'''
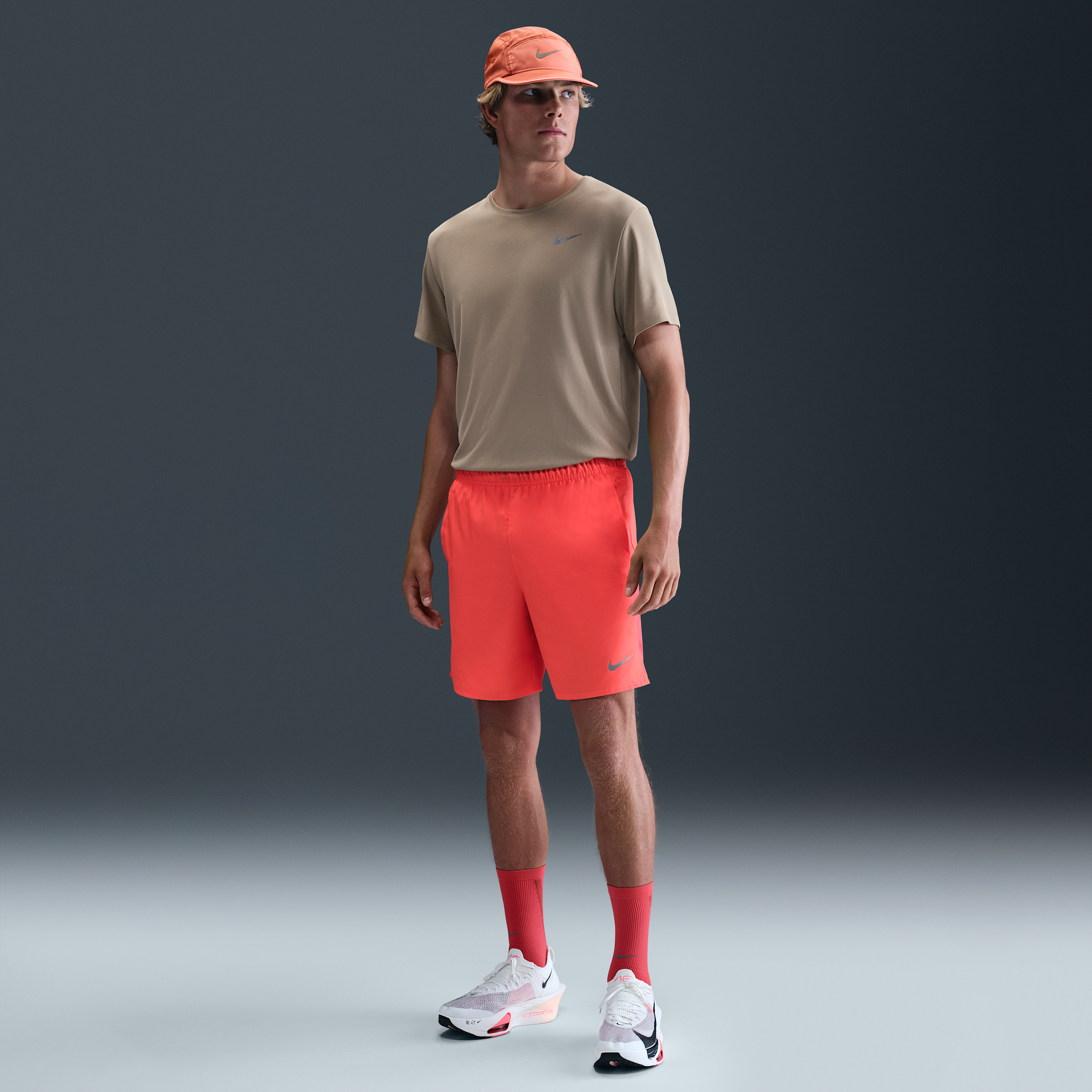 Nike Challenger Men's Dri-FIT 18cm (approx.) Brief-Lined Running Shorts - Red - Polyester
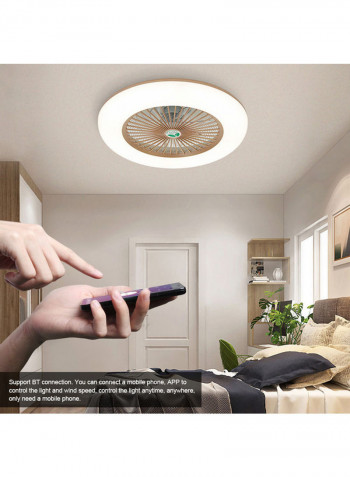 BT Connection Ceiling Fan LED Lights With Remote Control Brown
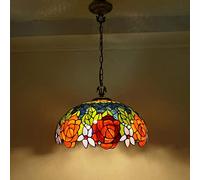 ZBZFGE Style, Two Color Rose Stained Glass Ceiling Pendant Light for Living Room Bedroom Dinning Kitchen Island Hallway,46cmB,46cma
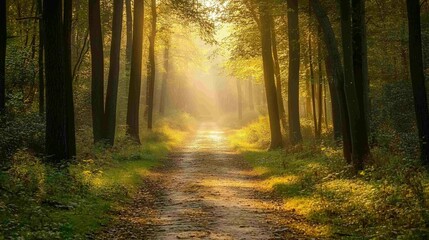 Fototapeta premium Atmospheric Forest Trail Background. Nature Photography. 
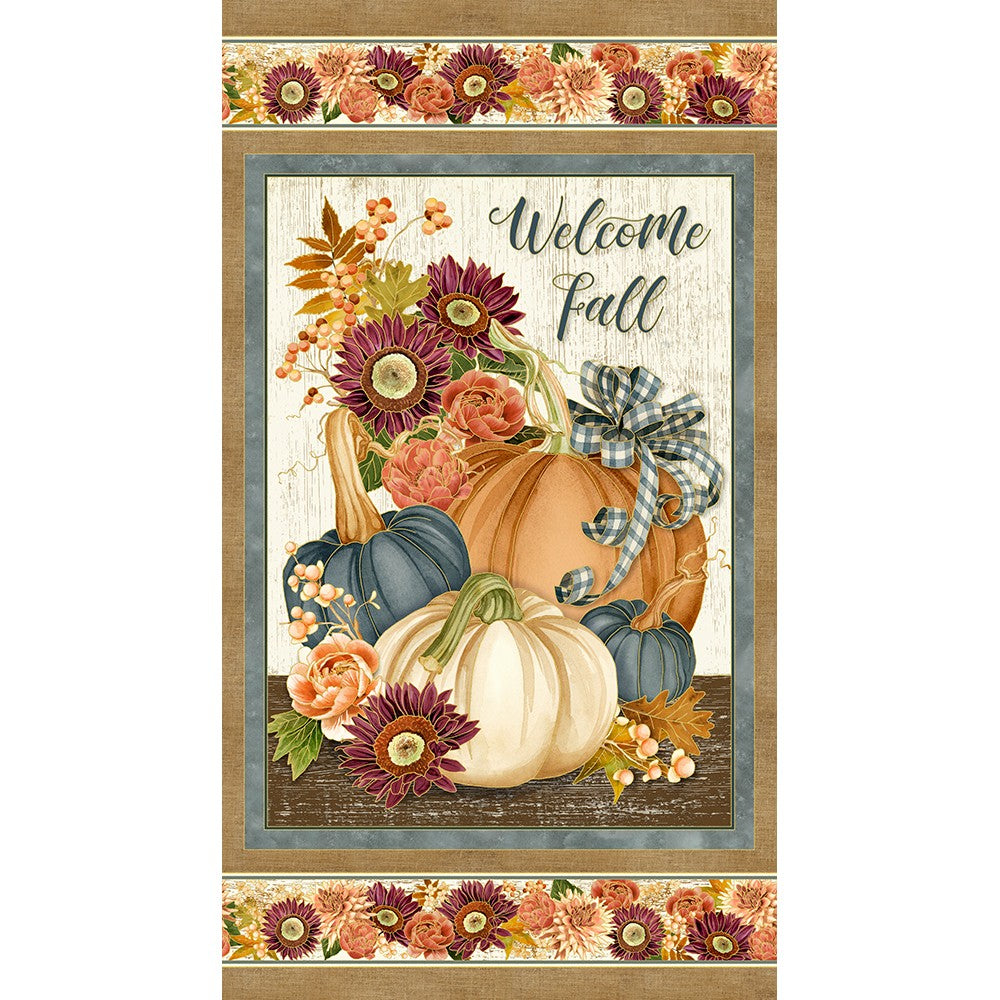 Hello Fall Harvest Panel in Cream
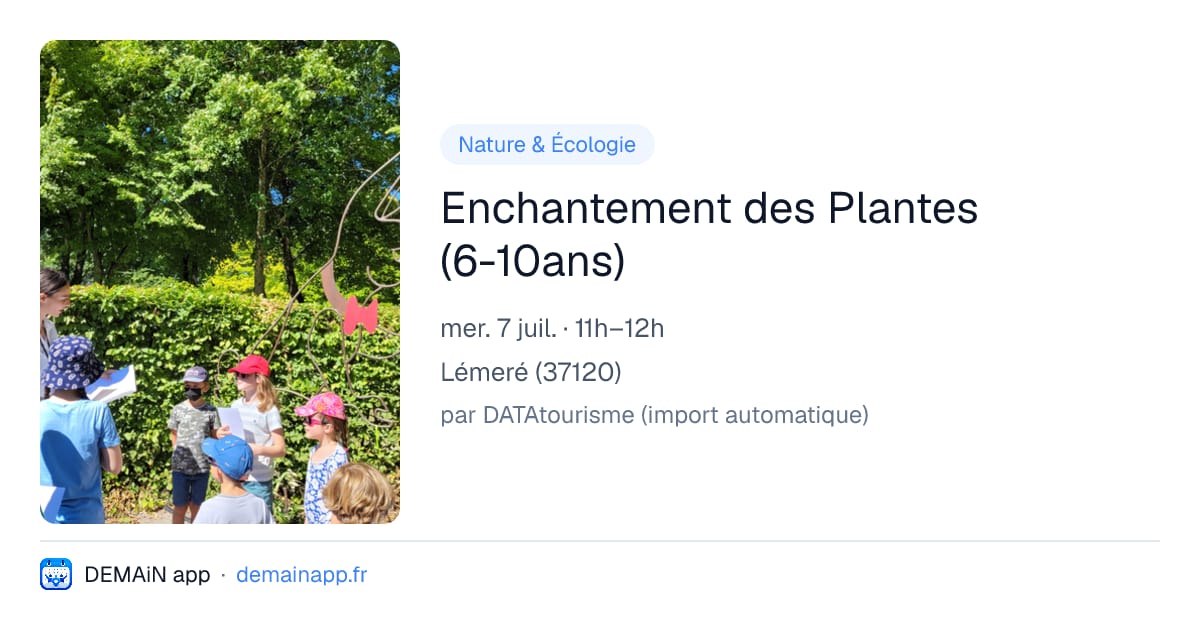 Enchantement des Plantes (6-10ans) — Lémeré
'''
What you need to do:
Word for word, retype the lines from the one with "BT Connection Ceiling" through the final line of the data, both included. No pictures belong in the copy.

Solution for this exercise:
 BT Connection Ceiling Fan LED Lights With Remote Control Brown
 ZBZFGE Style, Two Color Rose Stained Glass Ceiling Pendant Light for Living Room Bedroom Dinning Kitchen Island Hallway,46cmB,46cma
 Fototapeta premium Atmospheric Forest Trail Background. Nature Photography. 
 Hello Fall Harvest Panel in Cream
 Enchantement des Plantes (6-10ans) — Lémeré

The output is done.